Brenda looked suddenly nervous and waved goodby. Something was strange. I took a step toward her and not toward the gate. She started to close the pool house door. I put my hand on it, and we repeated the scene we had gone through at the front door.
“I want you to leave, Mr. Peters,” she whispered urgently.
“I thought I was Toby, and we were in love,” I whispered back, forcing my way into the pool house past her. She followed me to the door.
On the other side of the pool, across from us stood a girl in a blue dress. She was looking into the sun and squinting at us.
She took a step or two toward us around the pool, and I could see that she looked about 14, a little older than she did in the photograph with Flynn. I fingered the picture of the girl’s head I had in my pocket as she walked toward us, a slight touch of curiosity on her face.
“Mother,” she said, looking at Brenda, “you weren’t in the house, so …”
“That’s all right, Lynn,” said Brenda brightly. “Mr. Peters is from Warners. He was talking to me about a picture. Well, Mr. Peters, perhaps you could call me later, and we’ll finish our talk. I think we can work something out.”
She shook my hand and smiled as if nothing had happened. I had been taken, but not far enough. She had wanted me out of that house when the girl came home, and she knew the way to get me out. She hadn’t batted an eyelash when I had showed her her daughter’s picture.
“Your mother is a very fine actress,” I said to the girl.
The girl looked childish and innocent. Her eyes scanned me, my clothes and my scars with some question about my credentials as a studio executive, but she was too polite to say anything.
“Brenda,” I said, taking both of the woman’s hands. “I’ve enjoyed our talk, and I look forward to hearing what you have to say later. I’ll call.”
“Please do,” she said, guiding me back through the house. The girl trailed behind us.
As I stepped out the front door and down the stairs I looked back at the mother and daughter. The girl was shorter than her mother, and dark like her father. They both smiled and waved.
“I hope to see you again, Mr. Peters,” Lynn said politely.
“You will,” I said, with a wink and a return wave. Brenda was still smiling politely. The world continued to smile at me, and I didn’t know what the hell it was all about.
As I walked toward the street, I heard the distant growl of the two friendly dogs. I hurried along and went out of the metal gate, closing it behind me just as Jamie and Ralph appeared. I didn’t know if Brenda Stallings would have called them off this time, and I didn’t want to find out. I’d had enough excitement for one afternoon.
5
My office was in the Farraday Building on Hoover near Ninth, not far from my apartment. I don’t know who Farraday was, but the building bearing his name deserved to be condemned in 1930 or restored as an historical relic.
The Farraday Building was a four-story refuge for second-rate dentists, alcoholic doctors and insolvent baby photographers. My rent was paid not to the management but to Sheldon Minck, one of the dentists. I sublet a side office from Sheldon, who had been one of my first clients when I became a private investigator.

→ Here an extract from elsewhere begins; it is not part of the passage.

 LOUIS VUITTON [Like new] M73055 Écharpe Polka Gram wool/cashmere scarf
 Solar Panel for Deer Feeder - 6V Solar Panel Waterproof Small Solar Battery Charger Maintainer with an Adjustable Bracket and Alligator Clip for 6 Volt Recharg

I tracked down deadbeats who didn’t pay their bills. I threatened to forceably remove their bridgework if they didn’t spit up what they owed. I did pretty well until one fat woman in North Hollywood hit me in the face with a bottle of Fleischman’s Gin. Sheldon fixed my teeth, and we had become something like friends.
There was an echo and smell of Lysol when I walked through the lobby toward the fake marble stairs. I could hear the faint snoring of a bum somewhere in the darkness. I ignored it and started walking up the three flights.

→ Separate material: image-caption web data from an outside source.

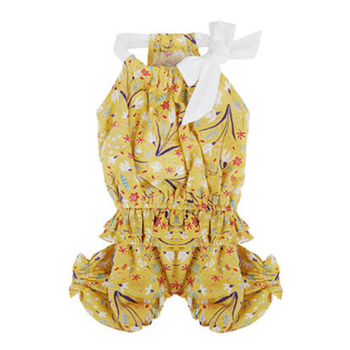 Floral Volum Sleeveless Summer Dog Jumpsuit - Yellow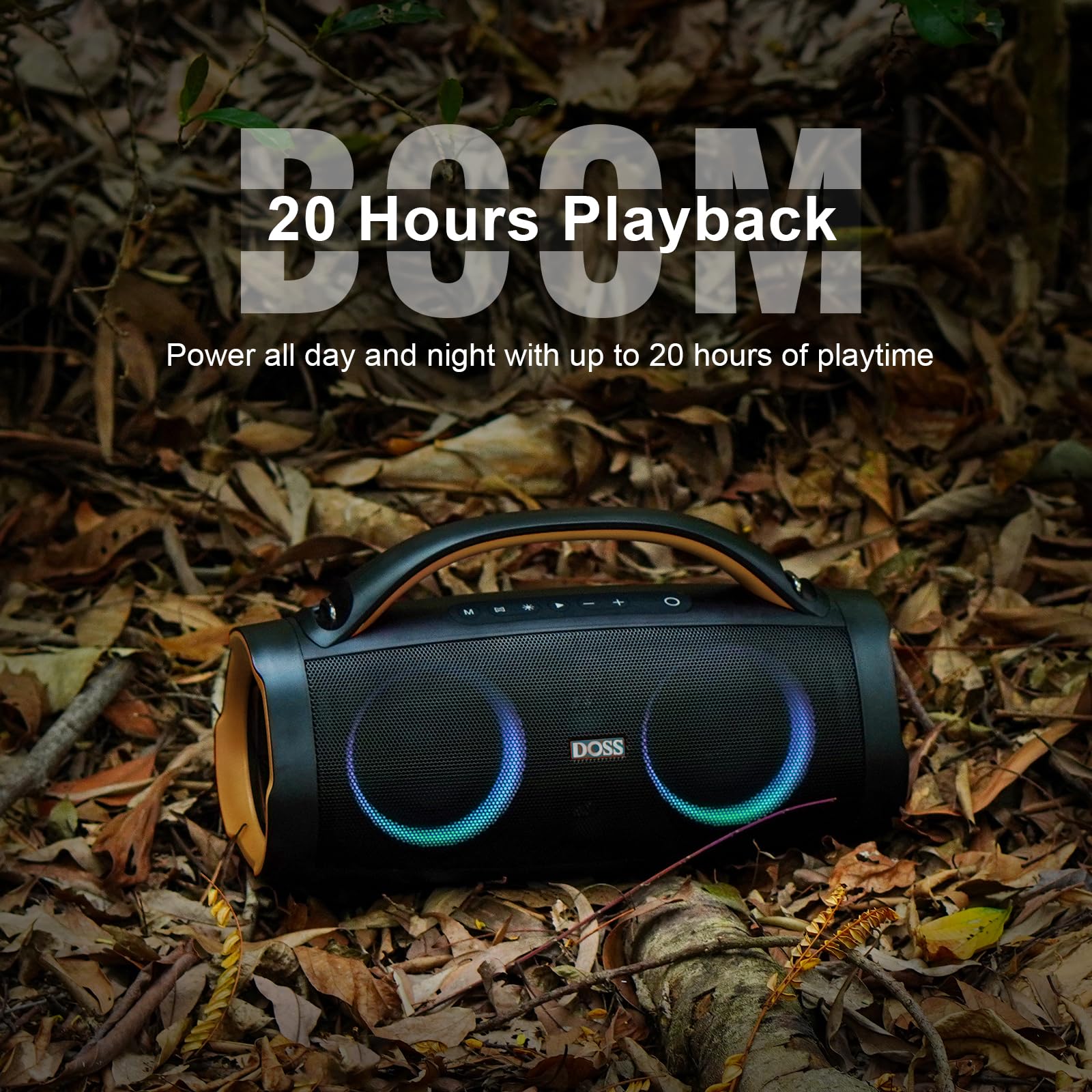 Doss Extreme Boom+ Loud Bluetooth Speaker With 100W Stereo Sound, Extra Bass, 20H Playtime, Party Sync Led Lights, Built In Power Bank, Ipx6 Waterproof Outdoor Speaker For Camping, Travel Copper Gold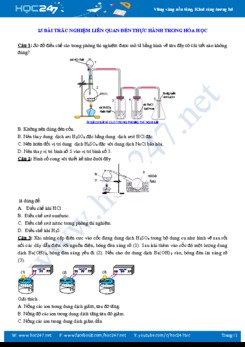 25 Bài trắc nghiệm liên quan đến thực hành trong Hóa học (có đáp án)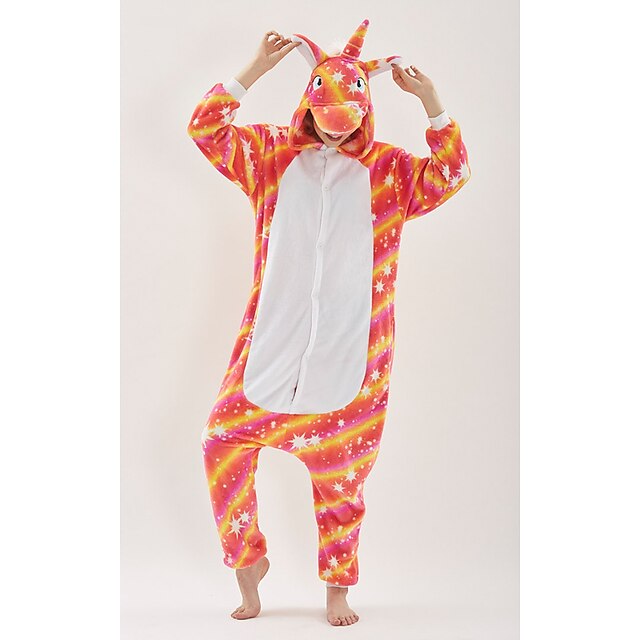  Adults' Kigurumi Pajamas Unicorn Onesie Pajamas polyester fibre Red Cosplay For Men and Women Animal Sleepwear Cartoon Festival / Holiday Costumes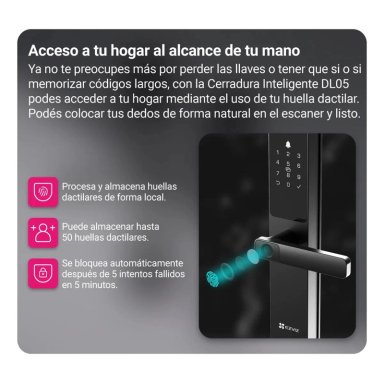 CERRADURA INTELIGENTE EZVIZ DL05 WI-FI HUELLA DIGITAL GRIS BLACK - 4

Very few potential clients came to my office. If a client called, I met him at his home or business or a cafe or coffee joint.

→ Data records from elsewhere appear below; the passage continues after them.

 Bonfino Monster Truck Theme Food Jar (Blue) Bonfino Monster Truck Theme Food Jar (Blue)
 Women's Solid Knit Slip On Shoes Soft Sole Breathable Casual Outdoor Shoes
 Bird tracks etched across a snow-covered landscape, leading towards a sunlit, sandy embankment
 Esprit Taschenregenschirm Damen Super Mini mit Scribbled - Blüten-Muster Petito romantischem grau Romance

Fading black, block letters greeted me on the pebble glass door:
SHELDON MINCK, D.D.S., S.D.
Dentist
TOBY PETERS
Private Investigator
The S.D. after Sheldon’s name didn’t mean anything. He thought it might give him an edge with off-the-street patients. It was probably the only office in California where you could get your teeth filled and your runaway grandmother found in one visit.